Era cresciuto in via Padova, in una Milano diversissima da
quella attuale. Per questo alla moglie, con cui ha trascorso 48
anni, aveva chiesto di essere "liberato" lì, trasportato dalla
corrente. E' stato scelto un punto all'angolo tra via Padova e
via Idro, su una discesa protetta da un grande albero di gelso.
"Jess il bandito" era un pezzo di storia della Milano nera,
quella della "ligera", la vecchia mala che il tempo ha coperto
con un velo di fascino e, a volte, ingiusto romanticismo. Era
stato uno dei sette uomini in tuta blu che la mattina del 27
febbraio 1958 assaltarono un furgone portavalori tra via Osoppo
e via Caccialepri. Il mezzo trasportava 500 milioni di lire in
titoli e 115 milioni in banconote da 5 e 10mila lire.
Fecero tutto in soli tre minuti e - cosa di cui Gesmundo andrà
sempre orgoglioso - senza sparare un colpo. A rovinarli fu un
fiume, l'Olona, in cui la banda aveva gettato le tute blu e le
armi utilizzate. Dopo alcuni giorni dalla rapina il tratto in
via Roncaglia si seccò rivelando agli investigatori il
materiale, consentendogli di risalire ai venditori e ai banditi.

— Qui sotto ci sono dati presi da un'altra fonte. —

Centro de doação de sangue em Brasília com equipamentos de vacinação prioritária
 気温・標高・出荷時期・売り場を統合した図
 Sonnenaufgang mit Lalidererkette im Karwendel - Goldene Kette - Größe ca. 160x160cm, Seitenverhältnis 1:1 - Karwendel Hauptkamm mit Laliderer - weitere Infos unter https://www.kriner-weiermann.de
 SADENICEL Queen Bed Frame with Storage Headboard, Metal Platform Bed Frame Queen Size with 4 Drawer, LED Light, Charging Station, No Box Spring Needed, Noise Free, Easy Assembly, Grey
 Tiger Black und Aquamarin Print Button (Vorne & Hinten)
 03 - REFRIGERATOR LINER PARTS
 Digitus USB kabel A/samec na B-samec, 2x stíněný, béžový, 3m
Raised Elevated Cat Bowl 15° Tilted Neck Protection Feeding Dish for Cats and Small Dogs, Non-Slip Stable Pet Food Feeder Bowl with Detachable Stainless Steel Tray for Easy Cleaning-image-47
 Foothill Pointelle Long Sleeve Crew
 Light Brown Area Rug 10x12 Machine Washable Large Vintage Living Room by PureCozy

"Arnaldo ha scontato tutto quello che doveva ed era consapevole
di aver commesso errori - ha raccontato questa mattina all'ANSA
sua moglie - Da moltissimo tempo l'immagine del bandito non gli
apparteneva più. Vivevamo in simbiosi, quello che mi manca di
più è la sua gentilezza. Non ha mai usato una parola fuori posto
con me".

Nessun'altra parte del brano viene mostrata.